American mathematician

Bernard Osgood Koopman (January 19, 1900 – August 18, 1981) was an American mathematician, known for his work in ergodic theory, the foundations of probability, statistical theory and operations research.

==Education and work==
After living in France and Italy, Koopman emigrated to the United States in 1915. Koopman was a student of George David Birkhoff and his initial work concentrated on dynamical systems and mathematical physics.

In 1931/1932, Koopman and John von Neumann proposed a Hilbert space formulation of classical mechanics, known as the Koopman–von Neumann classical mechanics.

During World War II, he joined the Anti-Submarine Warfare Operations Research Group (ASWORG, later ORG) in Washington, D.C., directed by Philip M. Morse, to work for the U.S. Navy.
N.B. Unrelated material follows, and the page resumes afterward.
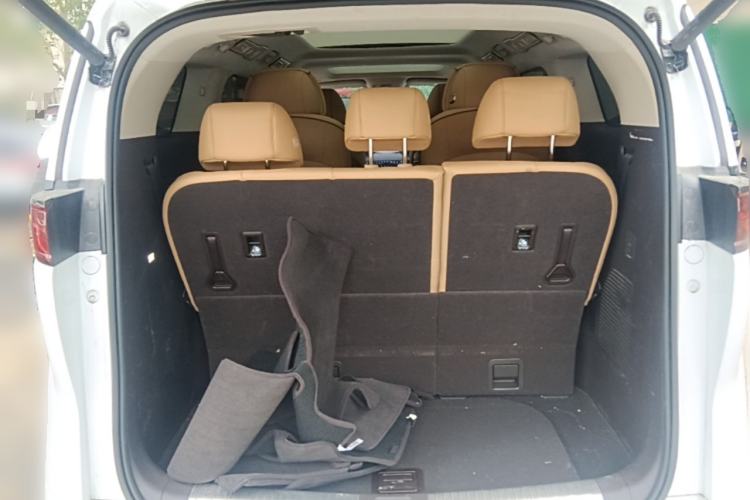 Used Denza D9 2024 DM-i 1050 Luxury Model Trunk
The work of Koopman and his colleagues at ASWORG concerned the development of techniques for the US Navy to hunt U-boats. The theoretical work laid the foundations for Bayesian search theory which subsequently became a field of its own within operations research. Their results remained classified Confidential for many years after the war; after 1955 Koopman set out to publish three articles on easily declassifiable portions of the work in the Journal of the Operations Research Society of America. He wrote down the results in detailed form in the book Search and Screening which was declassified in 1958. A large part of his work is a systematization of the work performed by his group at ASWORG; the portions on optimum allocation of search effort and on probabilistic aspects of search theory were developed by Koopman himself.

The Pitman–Koopman–Darmois theorem states that the only families of probability distributions that admit a sufficient statistic whose dimension remains bounded as the sample size increases are exponential families.

==Family==
Koopman had two daughters from his first wife Mary Louise Harvey who died in 1946. In 1948 he married Jane Bridgman, daughter of his Harvard professor of thermodynamics, Percy Williams Bridgman, and they had three more daughters.

Koopman's mother, née Louise Osgood, was a first cousin of William Fogg Osgood, and his father, Augustus Koopman (1869-1914), was a well known painter.

==Publications==
- Koopman, B. O. (1931). "Hamiltonian Systems and Transformations in Hilbert Space"
- Koopman, B. O. (1936). "On distributions admitting a sufficient statistic" This is the paper in which the Pitman–Koopman theorem, sometimes called the Pitman–Koopman–Darmois theorem, appeared.
- "The axioms and algebra of intuitive probability", Annals of Mathematics 41, 269–292, 1940.
- "The bases of probability", Bulletin of the American Mathematical Society, 46, 763–774, 1940.
- "Intuitive probabilities and sequences", Annals of Mathematics 42, 169–187, 1941.
- Search and Screening, first edition 1946 (classified Confidential, declassified in 1958).